• _Exercise material_

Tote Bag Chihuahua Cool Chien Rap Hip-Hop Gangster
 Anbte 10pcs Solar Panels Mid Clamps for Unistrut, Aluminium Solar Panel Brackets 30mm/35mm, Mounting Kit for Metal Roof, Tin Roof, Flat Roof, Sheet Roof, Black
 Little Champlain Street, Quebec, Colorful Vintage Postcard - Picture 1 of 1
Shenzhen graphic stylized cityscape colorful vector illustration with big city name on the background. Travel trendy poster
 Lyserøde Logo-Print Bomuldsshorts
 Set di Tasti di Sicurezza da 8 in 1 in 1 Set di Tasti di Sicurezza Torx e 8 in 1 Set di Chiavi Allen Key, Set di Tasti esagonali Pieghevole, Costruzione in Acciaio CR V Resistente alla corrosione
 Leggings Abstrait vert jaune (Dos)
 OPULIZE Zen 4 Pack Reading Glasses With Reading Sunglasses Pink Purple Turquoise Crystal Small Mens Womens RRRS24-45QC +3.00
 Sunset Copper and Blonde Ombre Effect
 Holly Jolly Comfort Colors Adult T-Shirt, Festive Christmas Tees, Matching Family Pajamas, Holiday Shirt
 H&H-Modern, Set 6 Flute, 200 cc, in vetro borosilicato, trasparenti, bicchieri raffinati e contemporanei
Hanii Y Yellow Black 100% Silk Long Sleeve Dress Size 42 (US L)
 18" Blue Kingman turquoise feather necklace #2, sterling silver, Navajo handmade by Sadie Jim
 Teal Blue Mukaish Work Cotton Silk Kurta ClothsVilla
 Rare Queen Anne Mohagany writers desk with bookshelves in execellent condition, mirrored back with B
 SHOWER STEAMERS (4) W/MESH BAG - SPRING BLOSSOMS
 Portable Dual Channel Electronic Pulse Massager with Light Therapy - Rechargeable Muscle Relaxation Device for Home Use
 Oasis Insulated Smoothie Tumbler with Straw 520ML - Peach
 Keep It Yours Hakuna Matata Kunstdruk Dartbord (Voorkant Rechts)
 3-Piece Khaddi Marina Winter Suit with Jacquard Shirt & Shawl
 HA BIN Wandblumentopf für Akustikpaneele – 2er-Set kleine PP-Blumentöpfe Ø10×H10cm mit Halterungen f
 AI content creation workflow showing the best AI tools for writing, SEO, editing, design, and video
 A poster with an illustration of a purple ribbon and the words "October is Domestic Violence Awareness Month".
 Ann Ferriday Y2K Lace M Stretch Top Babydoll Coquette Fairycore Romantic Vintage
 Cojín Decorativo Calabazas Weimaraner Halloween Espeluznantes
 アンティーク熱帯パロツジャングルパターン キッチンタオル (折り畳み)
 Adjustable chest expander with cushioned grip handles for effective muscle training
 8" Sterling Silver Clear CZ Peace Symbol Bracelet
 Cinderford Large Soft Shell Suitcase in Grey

• _What to produce_
Above are the records. Copy the lines beginning at the one that has "HA BIN Wandblumentopf" and ending with the one that has "AI content creation", unchanged.

• _Result for this task_
 HA BIN Wandblumentopf für Akustikpaneele – 2er-Set kleine PP-Blumentöpfe Ø10×H10cm mit Halterungen f
 AI content creation workflow showing the best AI tools for writing, SEO, editing, design, and video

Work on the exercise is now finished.